About hypothermia
A classic George Ostrom column, from August, 1989...
It is 15 minutes after midnight Tuesday as I sit down to write this week’s column. I am shaking and quivering from hypothermia and I have serious words of wisdom for all men of the world. If your son comes in the house and tells you the northern lights are putting on a “fantastic display,” do not run outside in your skivvies.
No one should suffer what I have during the last hour. Glorious and awesome as the aurora borealis may be, it is certainly not something worth catching your death of pneumonia over, or risking a hard-earned reputation for leading a life free from sin. I guess the worst part was crouching there behind the fence, shivering in the dark so I wouldn’t have to explain anything to Iris and that woman who drove her home from the movie, at the just the wrong time.

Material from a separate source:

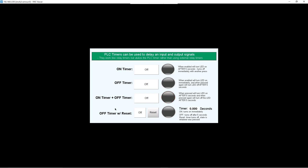Off timer with reset — turn it on, it turns on immediately. Turn it off and the timer counts up to five seconds, then it turns off. Now let's turn it on again and then off, and let's hit the reset button. It turns the timer off immediately and the LED light turns off.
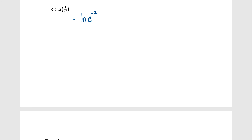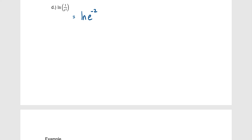Last simplification: ln(1/e²). We can't cancel right away — we first rewrite 1/e² as e^(−2). Now we have ln(e^(−2)), and the ln and e cancel, leaving just −2. All we did was use properties to simplify to a single number.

Looking back, I probably should never have let them drive in and park between me and the door, but I was afraid of streaking though the headlights. Once they did, then son Shannon should have done something to get them around to the other side of the house to watch those “beautiful green and white lights coming up from over there.” If he couldn’t do that, then he might have at least smuggled me out a bathrobe or coat and some shoes…turned on the porch light…something.
If this sort of thing had occurred much later in the year, I might have died out there. I imagined the headline, “Local man found frozen in front yard,” and the story, “Kalispell police and the Flathead Sheriff’s Office are quibbling today over who should have jurisdiction in a strange case at Greenacres. The rigid body of George Ostrom was found crouched behind a fence straddling the city-county line. The middle-aged victim was last seen alive about 11:15 when he dashed outside in a red pair of faded, but still serviceable jockey shorts.
Family members told investigating officers that Ostrom has always loved the great outdoors and the wonders of nature. His wife said she had spent over half her life trying to straighten him out…now it was up to the undertaker.”
In less serious matters, I notice this past week had the unusual news items that would cause even a dolt to scratch his head and wonder. There was a story out of Deer Lodge that tweaked my interest. It was about a convict “trustee” who escaped while doing work outside the barbed wire. The 38-year-old escapee, Patrick Broderick, alias Evert Guardipe, was described as being 6 feet tall with a dragon tattooed on his left arm and his right arm was solid tattoos. He was serving a 15-year sentence for aggravated assault and robbery. A prison official said he “probably is not dangerous.” I guess this means that if Broderick, alias Guardipe, shows up in your neighborhood you could “probably” invite him in for tea.